Из Бурятии на фронт ушло более 120 тысяч человек, т.е. каждый пятый житель республики. В годы Великой Отечественной войны погибло более 39 тысяч уроженцев Бурятии - каждый третий, из ушедших на фронт.
Летом горького года я убит...
Для меня -
Ни известий, ни сводок
После этого дня.
Вся кадровая армия погибла на границе в 41-м и раненную, почти смертельно, уже агонизирующую страну, двинули спасать сибирские дивизии из недавно мобилизованных новобранцев. В основном это были совсем молодые парни из далеких городков и поселков необъятной России: русские из староверов, буряты, якуты, калмыки, удмурты. С далеких чабанских стойбищ, из маленьких заснеженных деревень, рабочих поселков, придорожных полустанков провожали матери своих сыновей. На санях, а иногда верхом, до райцентра, там на крытой полуторке до города. А здесь уже выдавали полушубки, в переполненные вагоны и на Запад, сразу на фронт.

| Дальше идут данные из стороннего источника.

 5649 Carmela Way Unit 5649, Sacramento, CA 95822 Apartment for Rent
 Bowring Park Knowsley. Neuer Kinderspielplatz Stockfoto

На старой фотографии два брата - Дамдин и Жамбал - братья моей прабабушки. Красивые, статные, высокие, образованные. Про таких говорят: гордость и краса народа. Полны честолюбивых планов, только собираются жить. Я читал их письма, видел книги. Но нет, война...
Один пропал без вести в 41-м в белоснежных полях под Москвой. Просто растаял вместе с ещё одним миллионом, кинутым вождями спасать почти взятую немцами столицу. Отстояли.
Другой - в 42-м - под Ленинградом. В одной из тысяч кровавых, безуспешных, отчаянных атак по деблокированию города. До первых успехов ещё долгих два года.
Что происходило там - под Ленинградом? Мясорубка.
"Пополнения идут беспрерывно, в людях дефицита нет. И горы трупов у Погостий, Невских пятачков, безымянных высот росли, росли, росли. Так готовилась будущая победа.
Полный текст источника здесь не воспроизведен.